As empresas e as eleições
A menos de um mês das eleições, as campanhas políticas estão a todo vapor. É quase impossível ligar a TV ou o rádio por cinco minutos e não ouvir pelo menos uma vinheta de um candidato, ou sair na rua e não deparar com cartazes de divulgação. Os investimentos para atrair a atenção e o voto do eleitor, claro, têm um custo — e ele é bem alto. Em 2010, o gasto médio de uma campanha de governador foi de R$ 23 milhões!
Grande parte dessas despesas são custeadas com doações feitas por empresas, o que levanta a discussão sobre os impactos dessa interferência econômica na atuação dos eleitos. Para comentar o assunto, entrevistamos Claudio Weber Abramo, diretor-executivo da organização Transparência Brasil, que atua no combate à corrupção.
Um dos maiores especialistas sobre o assunto, Abramo discorda que proibir o financiamento reduziria a interferência das empresas no sistema político — como defende uma ação da Ordem dos Advogados do Brasil, que começou a ser julgada pelo Supremo Tribunal Federal (STF) e foi interrompida por pedido de vistas. Para ele, a solução está em limitar essas doações. Confira, a seguir, a sua análise.
Idec: O financiamento de campanhas eleitorais por empresas interfere na atuação dos parlamentares e governantes eleitos? De que maneira?

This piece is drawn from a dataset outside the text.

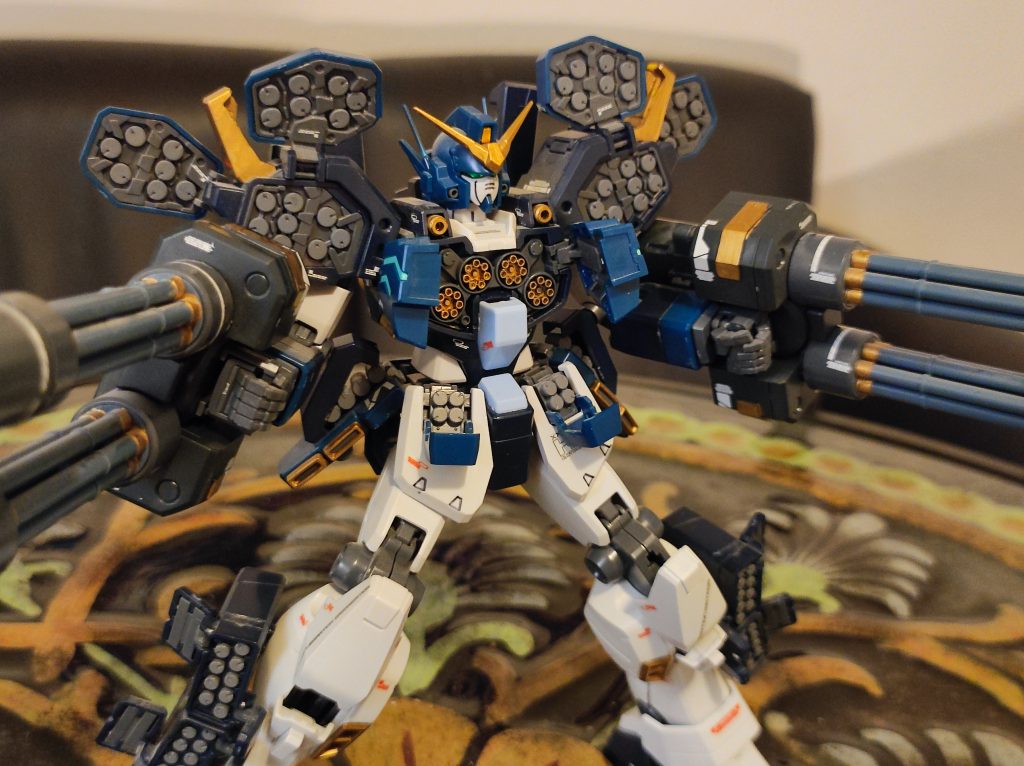 箱絵を再現してみました 。ヘビーアームズと言えば、やはり印象的な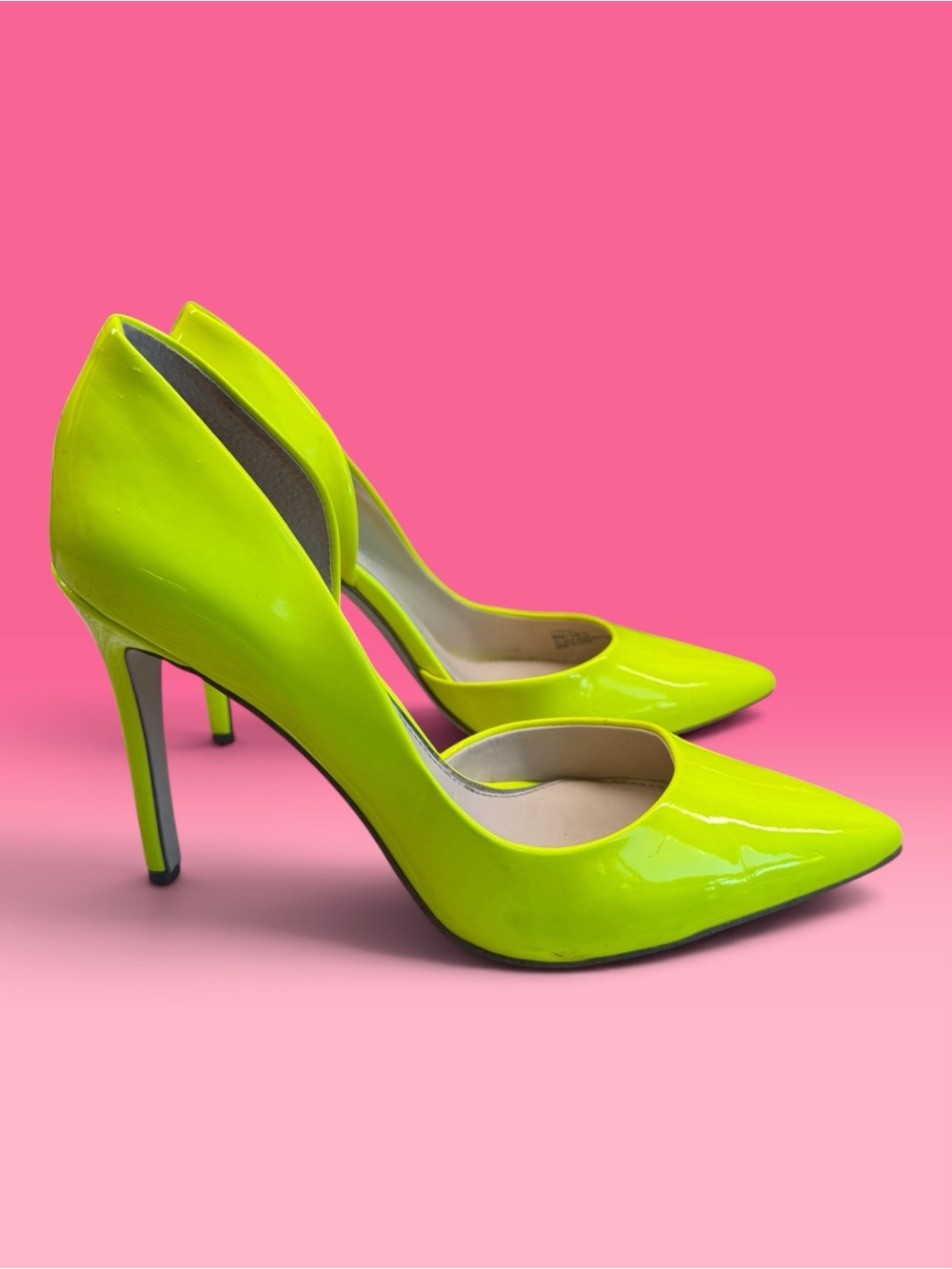 Jessica Simpson Prizma Neon Yellow Shock Patent Pump Size 8M With Box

CLAUDIO WEBER ABRAMO: Em qualquer país do mundo, o capital procura exercer influência sobre a política e as decisões dos agentes públicos. Uma das formas que as empresas encontram de fazer isso é financiando campanha eleitoral. Como essa é uma "influência indevida", do ponto de vista genérico, todo país civilizado possui uma regra que procura reduzir a influência do capital, seja estabelecendo limite para essas doações, seja proibindo as doações por empresas. Porém, não existe nenhum lugar em que a proibição de doações por empresas funcione, porque se há proibição, as empresas e os agentes políticos procuram uma forma de desviar-se dela e a encontram. É mais eficiente estabelecer limites para doar até certa quantidade de dinheiro.
Idec: Esses limites existem na legislação brasileira?
CWA: Existem, mas eles não servem para limitar de fato. O limite é de 2% do faturamento do ano anterior, mas, para as grandes empresas, esse teto representa uma quantia imensa de dinheiro. Grandes empresas como a JBS [frigorífico dono da marca Friboi], as grandes empreiteiras e os bancos doam R$ 100 milhões numa boa e isso não chega nem perto dos tais 2%. Então, uma das medidas que a Transparência Brasil tem defendido é estabelecer um limite absoluto nacional e um limite regional, pois as regiões são muito diferentes em termos de riqueza. Se uma empresa doa R$ 1 milhão no Amapá, o efeito é muito maior do que o mesmo valor no Estado de São Paulo.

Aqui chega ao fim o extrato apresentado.